» Task material

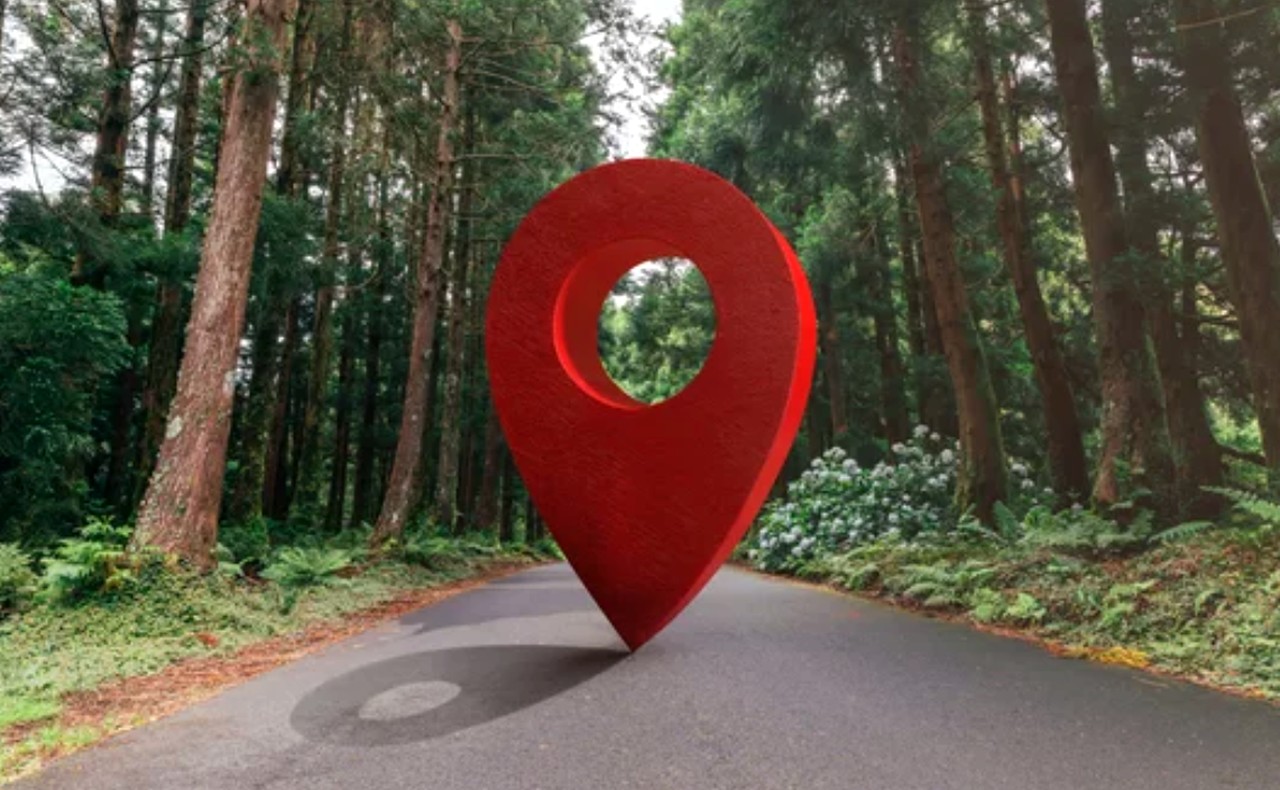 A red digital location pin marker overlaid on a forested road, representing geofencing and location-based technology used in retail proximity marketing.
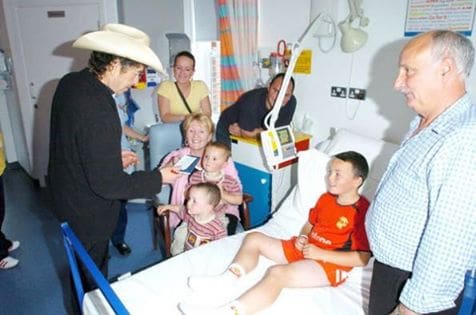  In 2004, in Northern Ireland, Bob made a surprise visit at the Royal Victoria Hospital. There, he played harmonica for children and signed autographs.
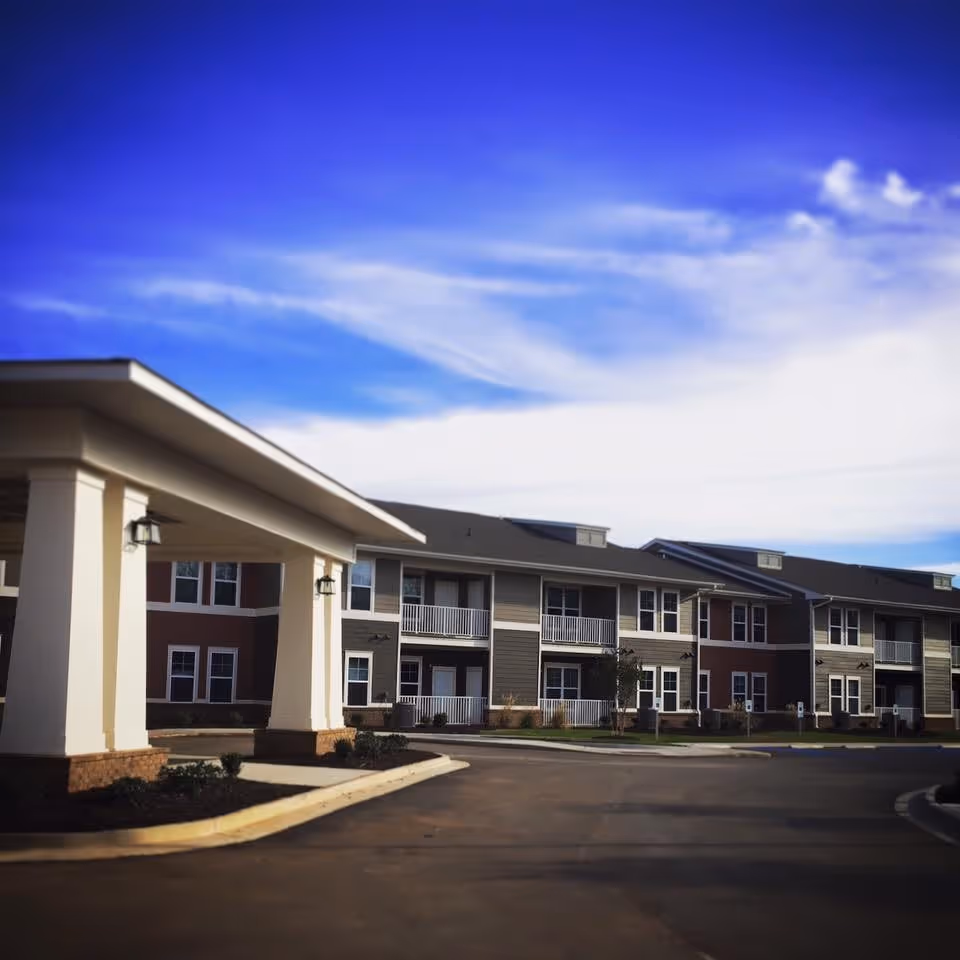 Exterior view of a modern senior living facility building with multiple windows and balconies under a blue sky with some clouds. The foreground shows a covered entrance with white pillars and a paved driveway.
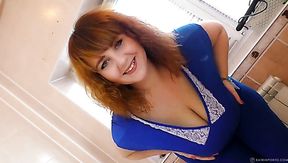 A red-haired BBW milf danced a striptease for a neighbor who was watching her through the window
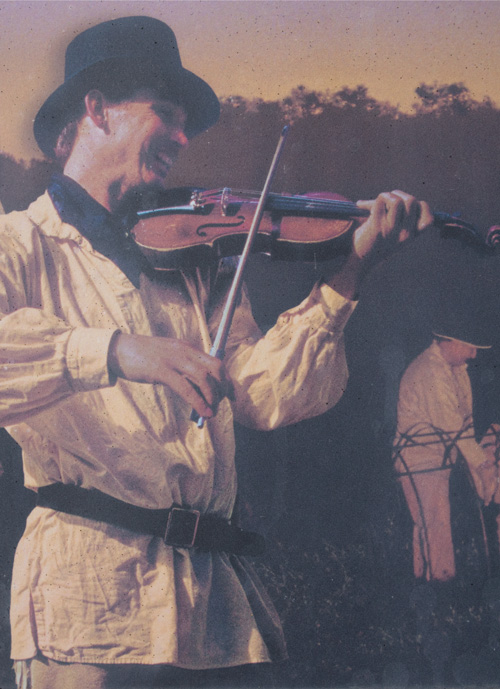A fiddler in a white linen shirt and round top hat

» What is required
The answer is the entries above, given again exactly, with no pictures among them.

» Reply to the task
 A red digital location pin marker overlaid on a forested road, representing geofencing and location-based technology used in retail proximity marketing.
  In 2004, in Northern Ireland, Bob made a surprise visit at the Royal Victoria Hospital. There, he played harmonica for children and signed autographs.
 Exterior view of a modern senior living facility building with multiple windows and balconies under a blue sky with some clouds. The foreground shows a covered entrance with white pillars and a paved driveway.
 A red-haired BBW milf danced a striptease for a neighbor who was watching her through the window
A fiddler in a white linen shirt and round top hat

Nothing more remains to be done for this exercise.